In my experience teaching biblical studies to university students over the past four years, I have found that many students know little about biblical characters and events. At best, they can recite a few Bible verses. While many students assume that they “know” the Bible, once we begin to read texts carefully and critically, the scales fall from their eyes. They are stunned when they realize how little they actually know.
Many students think of the Bible as a collection of stories about meek and mild role models. When we read about Samson, they realize how compelling biblical texts can be. We discuss Samson’s anger management problems and list criminal charges for his actions. We debate possible reasons why he tells Delilah the secret to his strength, and whether his death makes him a suicide bomber. Regardless of their faith, students enjoy the class.

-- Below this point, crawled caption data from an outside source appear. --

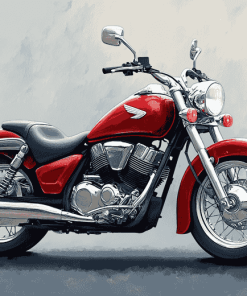 Red Honda Shadow Engines Diamond Painting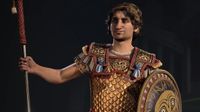 Alexander the Great looking insufferably smug as he poses with a shield and spear.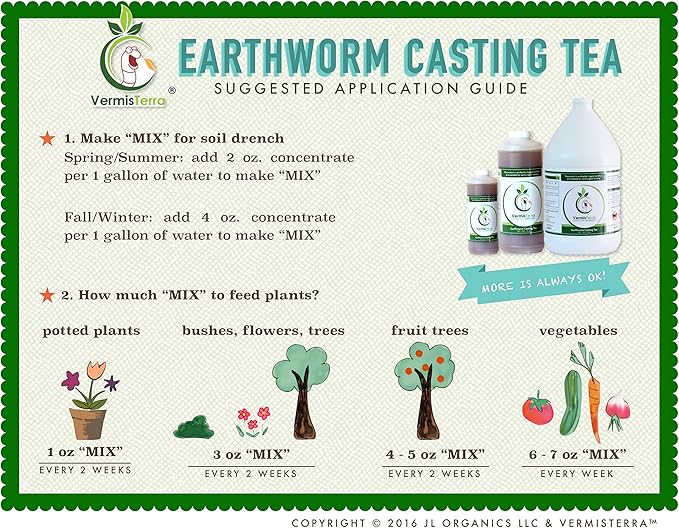 Worm Tea for Gardening and Composting - Set of 2 Quarts - Organic Earthworm Soil Enhancer - Vermicompost with Kelp - Increase Yields Boost Growth - Vegetables Flowers Fruit and Trees - VermisTerra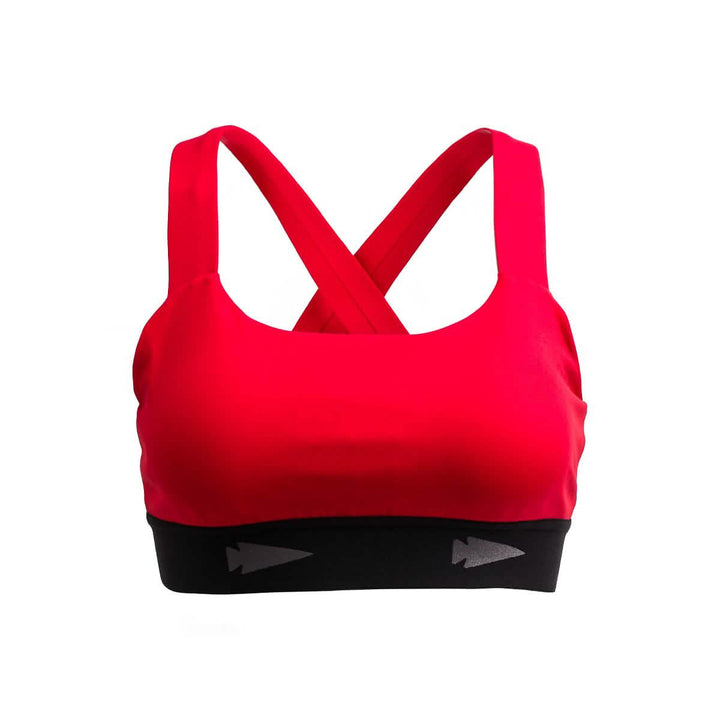 The Power Bra - Toughflex, in bright red, features ToughStretch Fabric with a black band and crisscross back straps, designed for high-impact movements. Displayed on a white background.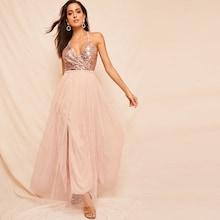 Romwe Sequin Bodice Crisscross Backless Mesh Dress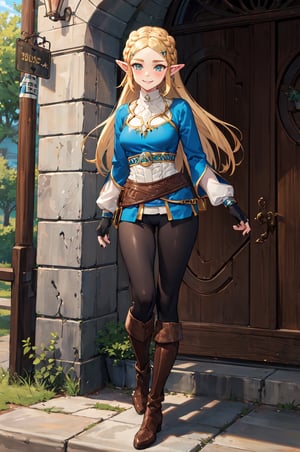 aazelda, super long hair, hair down to her thighs, pointy ears, blue shirt, long sleeves, fingerless gloves, black gloves, black pants, tight pants, blue nails, looking at the camera smile, blushing, high boots, full body picture 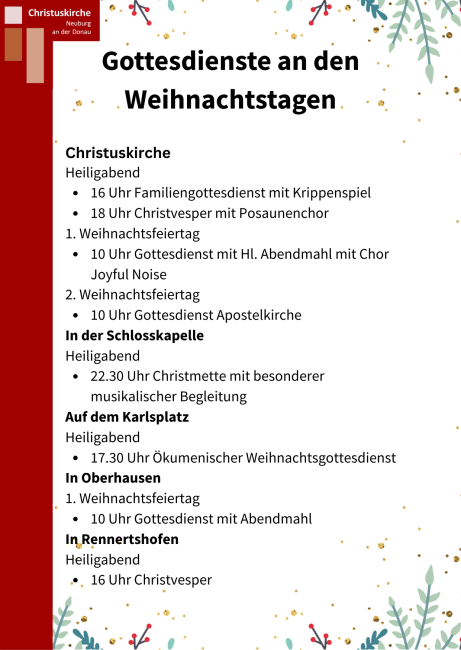Plakat Gottesdienste über Weihnachten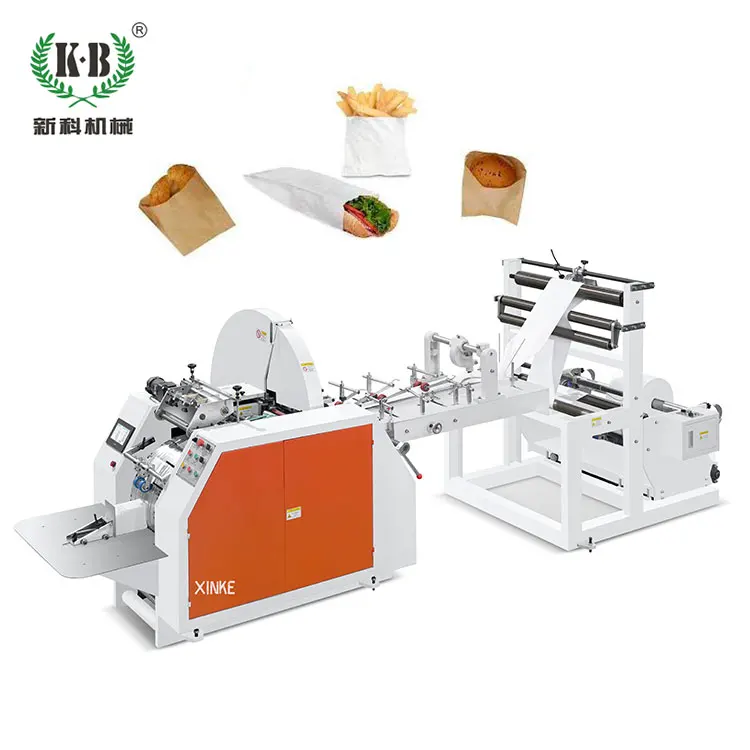 XINKE Sharp Bottom Paper Food Bag Forming Machine Price with Flexo Printing
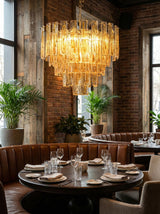 Golden Amber Geometric Glass Chandelier - OROA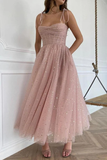 Promfast Straps Tea Length Pink Prom Dresses Tulle Homecoming Dresses HZ0527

The epic story of Joseph provides another example of great biblical literature. Joseph, the favorite son of Jacob, is sold into slavery by his brothers. Despite starting out as a Hebrew slave in Egypt, Joseph works his way up to a high-level job in Pharaoh’s administration. This may be an ancient story, but the tale of Joseph’s rise to power and eventual reunion with his family provides tearful drama that rivals any current episode of Lifetime’s "Coming Home."
William Faulkner. John Steinbeck. Toni Morrison. These and many other American writers use biblical texts extensively. In fact, one can hardly understand their work without a clear understanding of biblical writings. The Bible is an anthology of ancient literature that resonates with both classic and contemporary texts. The nonsectarian, academic study of the Bible can enrich our reading of other texts regardless of one’s faith.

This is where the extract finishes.